Whatever may be the cause, the fact remains that large numbers of children leave school at various points in the course. The school can hardly be considered as doing its lull duty, as a social institution, unless it provides for each pupil, before he leaves school, that training which best fits him for the life he is to enter. The conditions and needs of the life he is to enter must be studied by the school, and a curriculum should be provided which does not assume that all pupils will take the complete course and go on through college, but which offers at various appropriate points finishing courses which prepare definitely for a life career.
It should be clear, from the statistics given, that the greatest need for such finishing courses, and for vocational courses to hold pupils in school, is in the intermediate grades, for the years twelve to sixteen. Technical education in the high school is, of course, important, but it does not reach the large number of children who never
(41) enter the high school, but who enter the industries under the handicap of an insufficient school training. It is much more important that all children should receive the equivalent of an eighth grade training than that a few more than at present should enter the high school.
Industrial training of an introductory or rudimentary kind should begin at the age of twelve or thirteen, in whatever grades the children of that age may be found, in order to reach them before they have an opportunity to leave school.
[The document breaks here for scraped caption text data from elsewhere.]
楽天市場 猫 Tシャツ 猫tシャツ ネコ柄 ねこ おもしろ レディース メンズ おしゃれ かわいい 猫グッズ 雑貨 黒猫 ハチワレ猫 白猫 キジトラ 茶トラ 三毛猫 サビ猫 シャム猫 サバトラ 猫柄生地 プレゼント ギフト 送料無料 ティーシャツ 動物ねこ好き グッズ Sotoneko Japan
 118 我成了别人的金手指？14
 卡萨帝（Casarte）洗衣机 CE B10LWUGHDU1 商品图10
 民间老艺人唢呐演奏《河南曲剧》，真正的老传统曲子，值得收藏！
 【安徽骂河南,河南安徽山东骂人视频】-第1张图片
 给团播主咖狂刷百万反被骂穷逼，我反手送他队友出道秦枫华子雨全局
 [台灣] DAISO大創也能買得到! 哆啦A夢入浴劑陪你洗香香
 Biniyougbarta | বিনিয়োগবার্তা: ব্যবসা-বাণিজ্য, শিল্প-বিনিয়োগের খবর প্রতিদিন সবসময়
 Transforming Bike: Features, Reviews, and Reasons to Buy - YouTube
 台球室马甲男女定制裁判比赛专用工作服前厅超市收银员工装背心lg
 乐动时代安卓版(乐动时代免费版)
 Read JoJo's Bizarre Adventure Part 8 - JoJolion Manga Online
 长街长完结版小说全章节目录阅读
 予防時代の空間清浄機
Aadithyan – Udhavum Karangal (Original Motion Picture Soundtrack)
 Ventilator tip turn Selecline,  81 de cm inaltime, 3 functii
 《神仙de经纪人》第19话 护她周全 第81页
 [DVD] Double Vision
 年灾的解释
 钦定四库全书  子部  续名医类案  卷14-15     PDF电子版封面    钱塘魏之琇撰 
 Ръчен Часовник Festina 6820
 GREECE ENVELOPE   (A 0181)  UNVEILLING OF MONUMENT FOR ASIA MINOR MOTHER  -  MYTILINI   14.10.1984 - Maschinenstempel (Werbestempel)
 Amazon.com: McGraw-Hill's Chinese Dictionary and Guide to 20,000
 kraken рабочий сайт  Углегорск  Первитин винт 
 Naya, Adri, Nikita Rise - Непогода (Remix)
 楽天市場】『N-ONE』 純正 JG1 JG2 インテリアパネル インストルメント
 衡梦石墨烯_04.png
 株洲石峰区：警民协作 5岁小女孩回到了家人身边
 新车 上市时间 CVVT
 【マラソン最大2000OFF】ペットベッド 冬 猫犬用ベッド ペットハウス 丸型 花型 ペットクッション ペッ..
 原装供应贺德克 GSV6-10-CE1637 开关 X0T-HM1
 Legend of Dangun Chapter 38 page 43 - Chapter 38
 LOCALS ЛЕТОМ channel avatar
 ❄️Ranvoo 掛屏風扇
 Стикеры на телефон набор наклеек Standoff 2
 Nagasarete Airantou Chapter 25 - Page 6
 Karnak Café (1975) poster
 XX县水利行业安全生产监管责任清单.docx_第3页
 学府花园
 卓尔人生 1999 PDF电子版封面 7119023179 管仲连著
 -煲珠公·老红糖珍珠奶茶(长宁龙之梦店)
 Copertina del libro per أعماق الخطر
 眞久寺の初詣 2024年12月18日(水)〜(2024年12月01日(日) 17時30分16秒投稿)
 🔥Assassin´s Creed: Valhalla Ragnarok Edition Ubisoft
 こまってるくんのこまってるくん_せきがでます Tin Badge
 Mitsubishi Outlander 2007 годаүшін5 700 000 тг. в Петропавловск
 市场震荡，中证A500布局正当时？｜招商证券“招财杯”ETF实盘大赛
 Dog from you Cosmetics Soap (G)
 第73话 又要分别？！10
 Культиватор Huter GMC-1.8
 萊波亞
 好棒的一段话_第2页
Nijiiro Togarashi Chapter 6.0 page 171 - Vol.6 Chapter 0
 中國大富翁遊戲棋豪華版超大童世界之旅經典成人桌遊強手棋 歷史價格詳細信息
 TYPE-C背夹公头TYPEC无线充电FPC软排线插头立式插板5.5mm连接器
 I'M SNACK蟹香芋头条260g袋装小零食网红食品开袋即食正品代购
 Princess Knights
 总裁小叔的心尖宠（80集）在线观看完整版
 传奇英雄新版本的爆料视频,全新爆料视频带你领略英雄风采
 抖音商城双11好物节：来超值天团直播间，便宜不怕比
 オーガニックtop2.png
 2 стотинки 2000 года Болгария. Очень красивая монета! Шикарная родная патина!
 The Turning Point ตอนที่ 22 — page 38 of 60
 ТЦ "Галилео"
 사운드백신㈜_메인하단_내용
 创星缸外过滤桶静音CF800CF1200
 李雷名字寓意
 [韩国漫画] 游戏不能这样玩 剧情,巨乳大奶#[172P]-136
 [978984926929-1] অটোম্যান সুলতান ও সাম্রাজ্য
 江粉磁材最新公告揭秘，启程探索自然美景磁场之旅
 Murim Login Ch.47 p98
Such industrial courses, from two to four years in length, should serve as finishing courses for those who must enter the industries at an early age. It is the distinctive opportunity of the high school, and therefore its duty, to take advantage of the superior academic attainments of its pupils by training mainly for positions above that of the actual mechanic, for the directive positions in the industries. Such technical courses in the high school, if they are true finishing courses preparing definitely for a life career after high school, should be of service in retaining in the high school many pupils who now leave before completing the course. On the lower academic levels the industrial courses should provide for the actual mechanic of the future the training in skill which is needed in the industries, and should give as much of the technical instruction in applied science, mathematics, knowledge of materials, etc., as the academic attainments of the pupils will permit. Such elementary courses should give that all-around training in skill which is not generally obtainable in the industries, and should endeavor to develop such a degree of industrial intelligence and adaptability as will make rapid advancement possible after work is begun.